SAN NICOLA LA STRADA. In Italia, chi aiuta un malato terminale a morire - come un genitore o un figlio che vuole smettere di soffrire - rischia fino a 12 anni di carcere. Il diritto costituzionale a non essere sottoposti a trattamenti sanitari contro la nostra volontà è costantemente violato. Se si vuole che le cose cambino, bisogna darsi da fare.

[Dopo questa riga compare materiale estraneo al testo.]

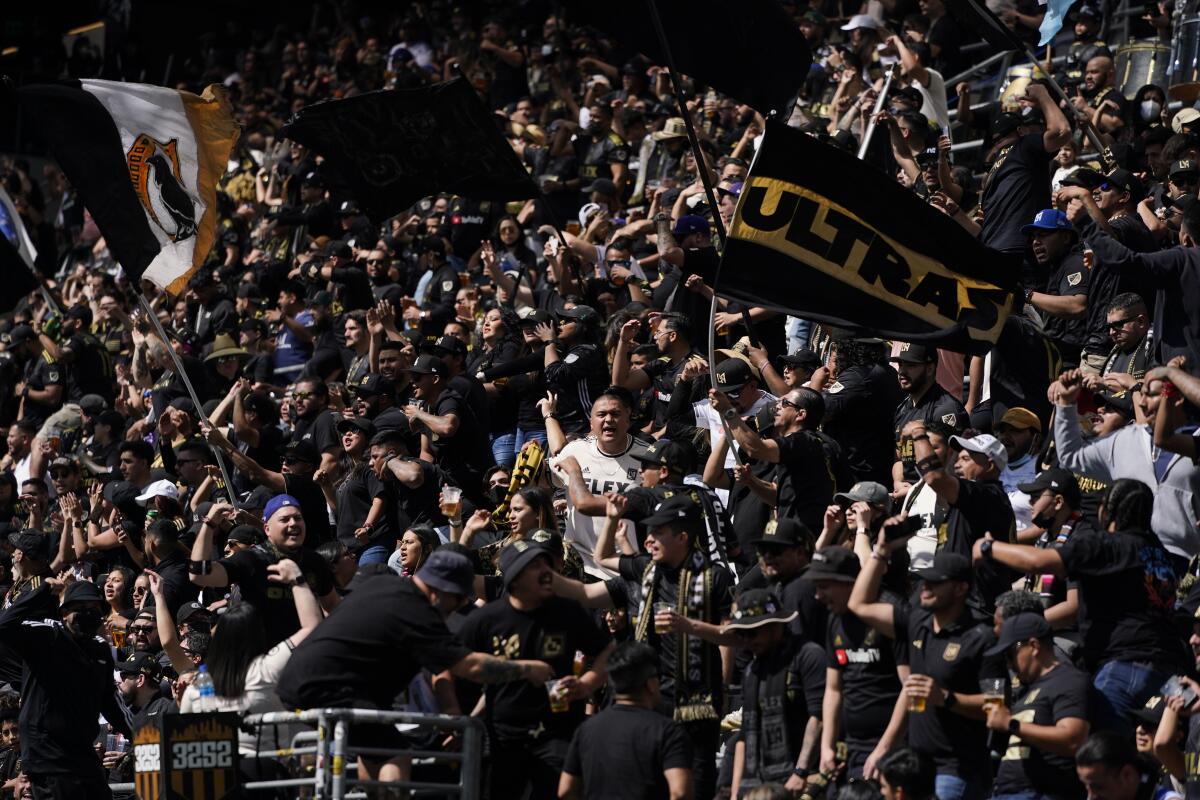 Los Angeles FC fans cheer before the team's match against the Colorado Rapids on Feb. 26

È pronta una proposta di legge di iniziativa popolare che regola l'eutanasia e il testamento biologico. Per obbligare il Parlamento a discuterla, serve una grande campagna di mobilitazione. Il primo passo è quello di raccogliere le 50.000 firme necessarie per depositarla in Parlamento. Per riuscirci, bisogna con il vostro aiuto contattare Consiglieri comunali e provinciali in tutta Italia, i quali hanno il potere (insieme a notai e cancellieri) di autenticare le firme. Oppure basta recarsi presso gli uffici del Comune di San Nicola la Strada dove ciascun cittadino può sottoscrivere la proposta di legge di iniziativa popolare (art. 71 comma 2 della Costituzione e della legge 25 maggio 1970, n. 352 e successive modificazioni ) recante il “Rifiuto di trattamenti sanitari e liceità dell'eutanasia”. Per raccogliere 50.000 firme, basta che ci sia una persona in ciascuno degli 8.000 Comuni italiani che raccolga almeno 7 firme. Chiunque fosse interessato può scaricare il modulo di raccolta firme dal sito www.eutanasialegale.it , cercare un autenticatore e raccogliere le firme di amici e parenti. C’è tempo fino al 14 settembre 2013.